Crawled caption data:
——
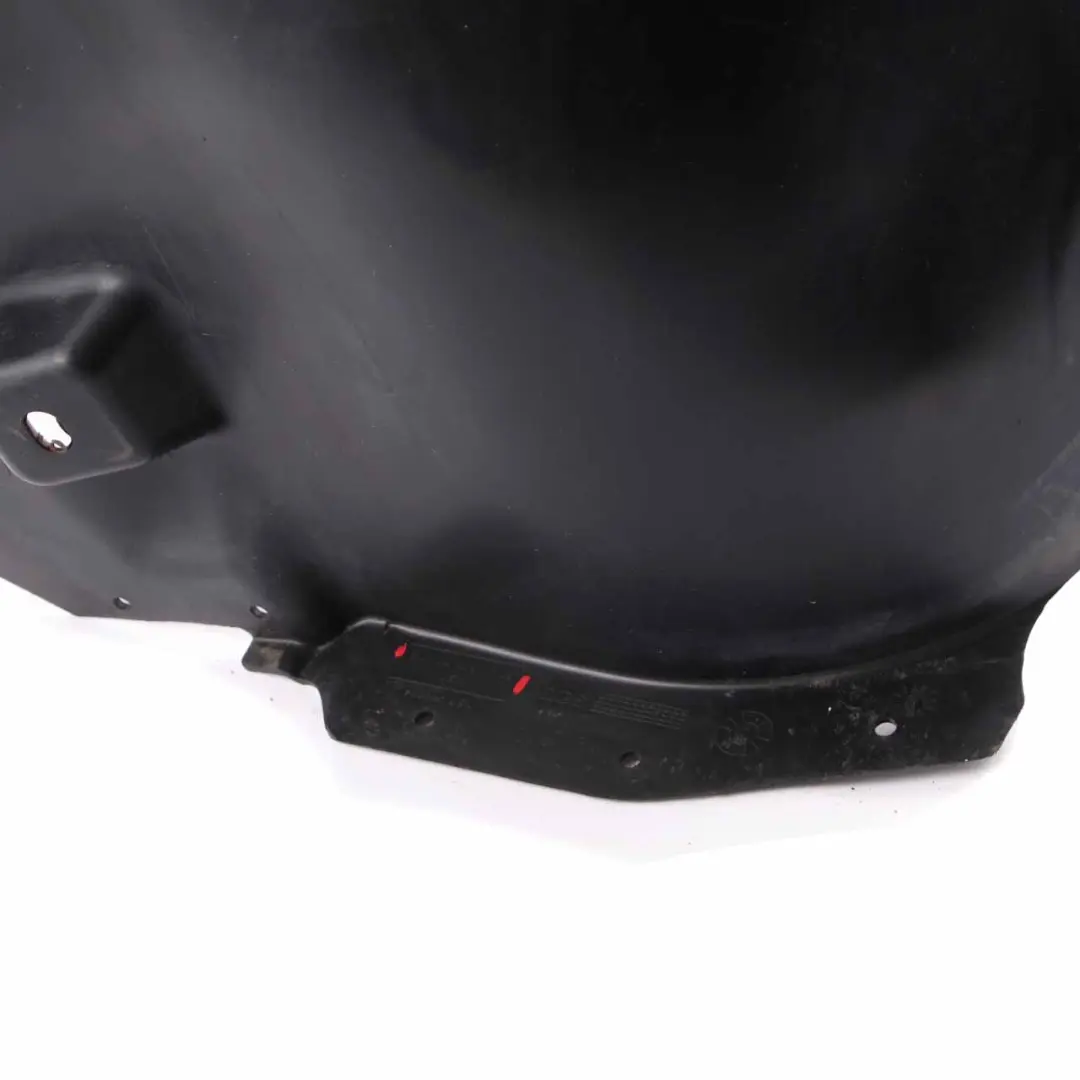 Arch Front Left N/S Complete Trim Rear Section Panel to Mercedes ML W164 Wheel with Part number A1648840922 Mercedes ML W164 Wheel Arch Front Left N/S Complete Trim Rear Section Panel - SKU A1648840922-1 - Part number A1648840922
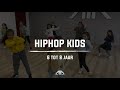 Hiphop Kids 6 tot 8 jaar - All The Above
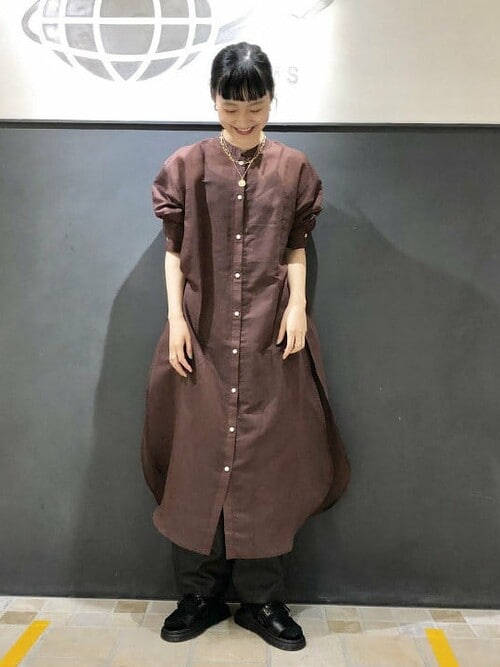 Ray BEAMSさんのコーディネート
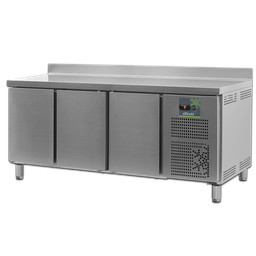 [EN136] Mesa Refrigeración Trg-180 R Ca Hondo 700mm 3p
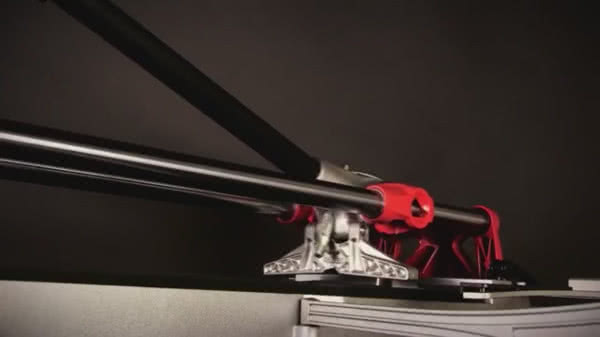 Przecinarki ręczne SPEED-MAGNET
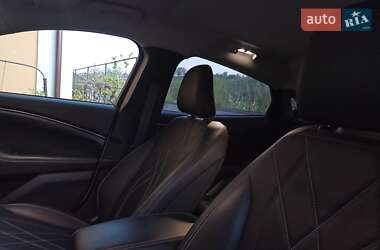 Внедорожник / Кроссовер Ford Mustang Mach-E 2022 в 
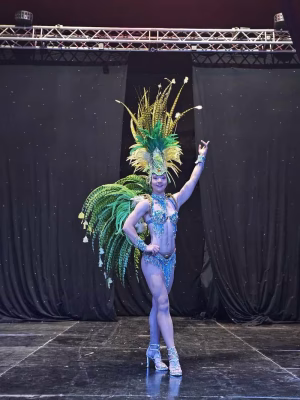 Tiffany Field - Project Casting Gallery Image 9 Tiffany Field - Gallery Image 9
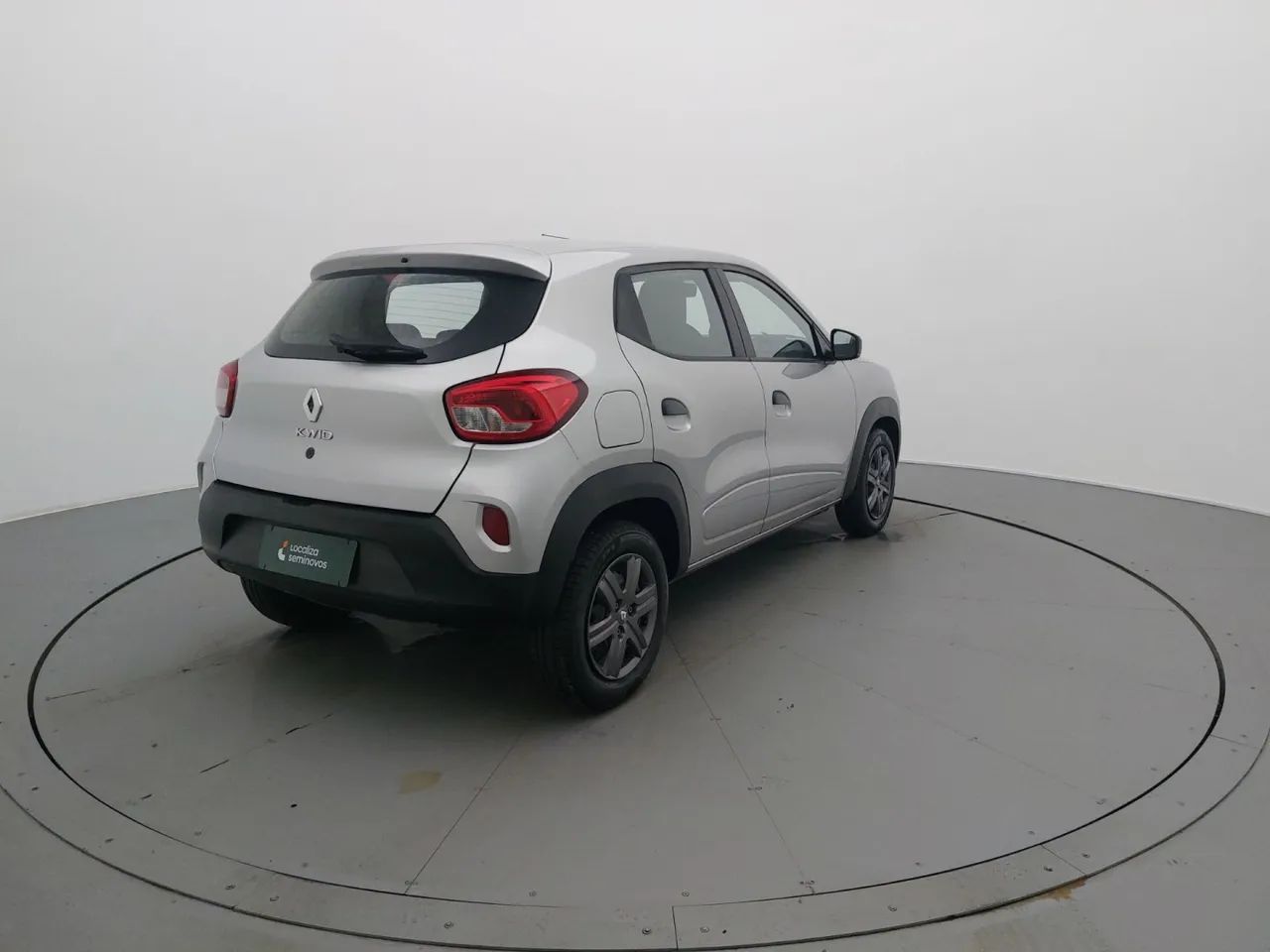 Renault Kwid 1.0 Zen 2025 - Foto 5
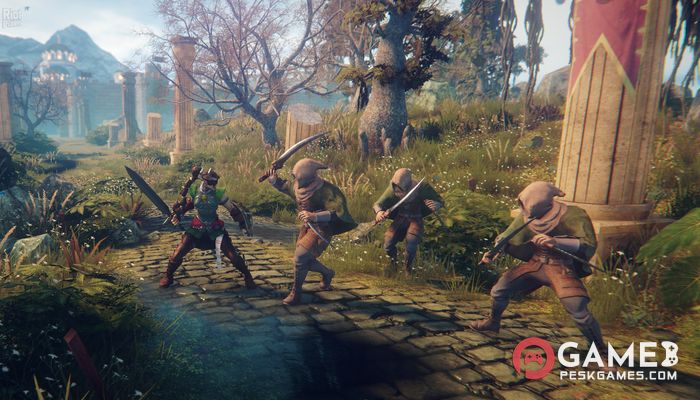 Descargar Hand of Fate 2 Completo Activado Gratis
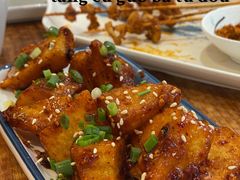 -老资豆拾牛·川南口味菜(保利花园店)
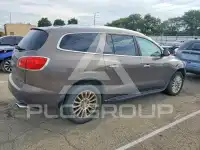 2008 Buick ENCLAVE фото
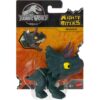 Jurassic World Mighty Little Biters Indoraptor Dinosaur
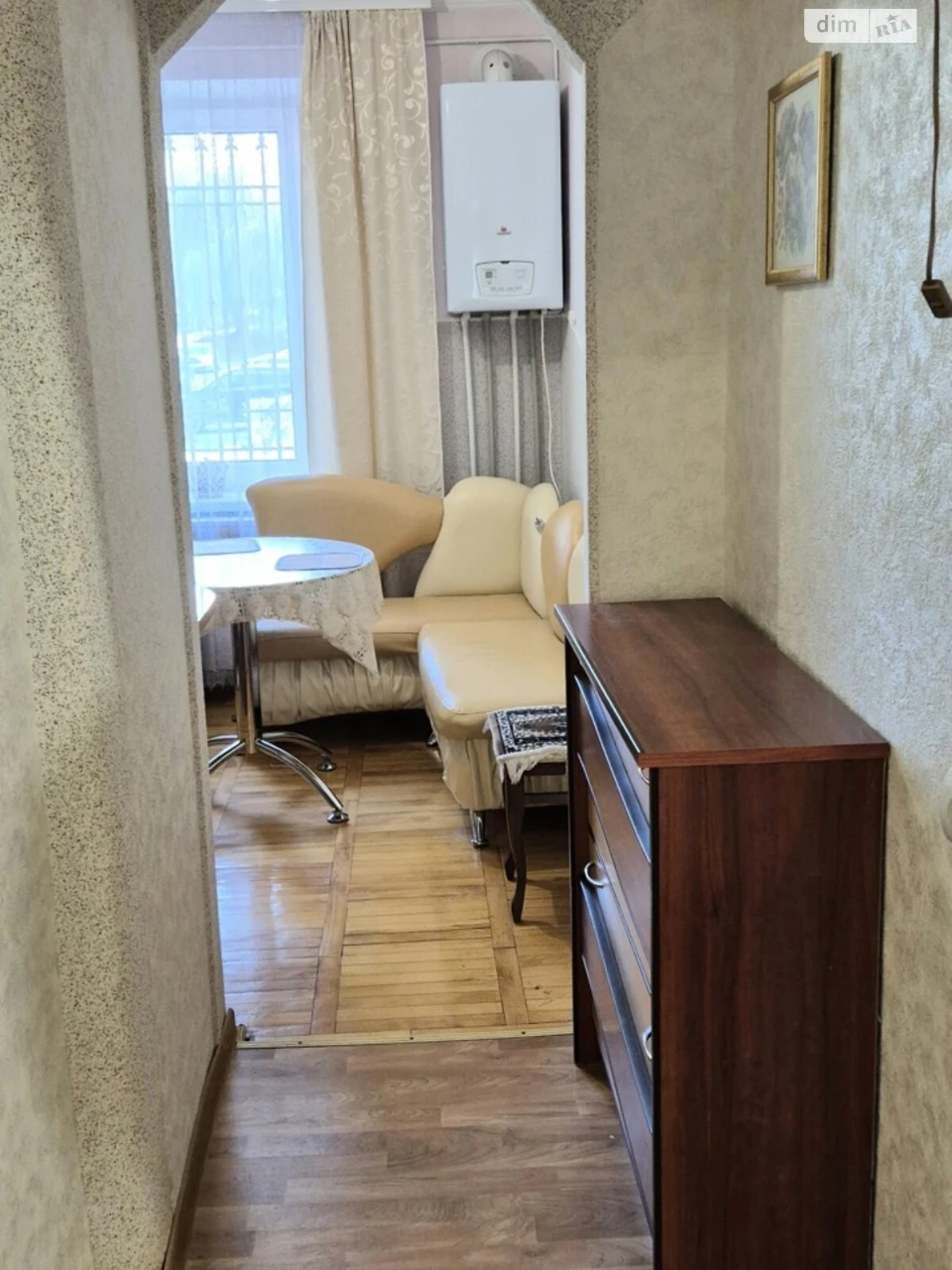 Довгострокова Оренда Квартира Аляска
——
# [THE TASK]
Start with the line that holds "Tiffany Field - Project" and retype each line through the last one in the data, exactly and without pictures.

# [THE COMPLETED TASK]
 Tiffany Field - Project Casting Gallery Image 9 Tiffany Field - Gallery Image 9
 Renault Kwid 1.0 Zen 2025 - Foto 5
 Descargar Hand of Fate 2 Completo Activado Gratis
 -老资豆拾牛·川南口味菜(保利花园店)
 2008 Buick ENCLAVE фото
 Jurassic World Mighty Little Biters Indoraptor Dinosaur
 Довгострокова Оренда Квартира Аляска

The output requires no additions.